Post by frigidmagi »

newsweek
Harold Hongju Koh is a tweedy, brainy legal scholar who writes brilliant law-review articles that are carefully reasoned, if more or less impenetrable to non-lawyers. He will likely be confirmed by the Senate as the top legal adviser to the State Department, and he should be. But his rather abstruse views on what he calls "transnational jurisprudence" deserve a close look because—taken to their logical extreme—they could erode American democracy and sovereignty.

Koh is "all about depriving American citizens of their powers of representative government by selectively imposing on them the favored policies of Europe's leftist elites," says Edward Whelan, a lawyer and head of the Ethics and Public Policy Center, a conservative Washington policy group. Whelan's tone is alarmist, but he raises legitimate questions. Koh is well within the mainstream of the academic establishment at elite law schools like Yale—but the mainstream runs pretty far to the left. At his confirmation hearings, Koh, who is in "no comment" mode until then, will find himself defending some statements that irk centrists and conservatives.

In 2002, Koh asserted that the planned invasion of Iraq—which then-senator, now–Secretary of State Hillary Clinton supported—"would violate international law." That raises the interesting question of whether Koh, as the State Department's lawyer, would try to stop the unilateral use of force by the Obama administration—an armed intervention in, say, Pakistan that lacked U.N. backing. In 2004, Koh asserted that President Bush (by invading Iraq and flouting the Geneva accords) had put the United States into an "axis of disobedience" to international law along with North Korea and Saddam Hussein's Iraq—thereby forfeiting the credibility needed to persuade other nations to obey the law. Adoption of his ideas could expose U.S. companies to multibillion-dollar liabilities merely for doing business in countries run by human-rights violators. Would Koh argue that the United States should submit to the jurisdiction of the International Criminal Court, even if it means extraditing American officials to be tried as war criminals? Would he argue that a global-warming treaty not ratified by the United States was nonetheless legally binding? At his confirmation hearings (probably later this month), Congress will want to know. (A member of the Obama team who has studied Koh's work, but declined to be identified in advance of the hearings, insists that his ideas are more nuanced than isolated quotes might suggest, and that Koh knows how to make tough trade-offs between academic theories and national interest.)
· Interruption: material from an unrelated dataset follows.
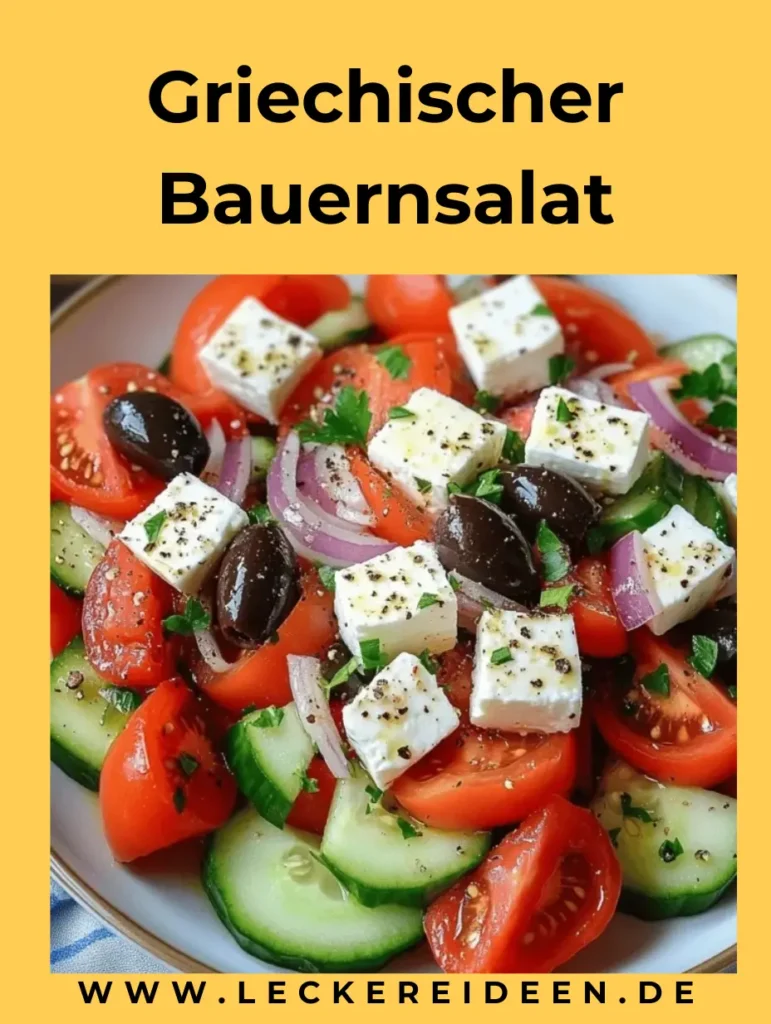 Griechischer Bauernsalat – Frischer, mediterraner Genuss! 4 Griechischer Bauernsalat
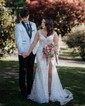 Mermaid Off-the-shoulder Sparkly Sequin Prom Dresses With Appliques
Koh argues that American law should reflect "transnational" legal values—and that in an interconnected world it inevitably does to some extent already. In his writings, Koh has campaigned to expand some rights guaranteed by the U.S. Constitution—and perhaps shrink some others, including the First Amendment's guarantee of free speech—to better conform to the laws of other nations. He has, for instance, pushed for a more expansive view of what constitutes "cruel and unusual punishment" under the Eighth Amendment. Koh's views are in tune with—if bolder than—those of a majority of the Supreme Court on some issues. Indeed, the justices cited foreign and international laws as support for their 2003 decision in Lawrence v. Texas striking down a Texas law against gay sex, and their 2005 decision, Roper v. Simmons, overturning the death penalty for juveniles in murder cases. Justice Ruth Bader Ginsburg recently defended the practice of citing international and foreign judicial precedents in Supreme Court decisions, implying that they never make a difference in the outcome. "Why shouldn't we look at the wisdom of a judge from abroad with at least as much ease as we would read a law-review article written by a professor?" she asked.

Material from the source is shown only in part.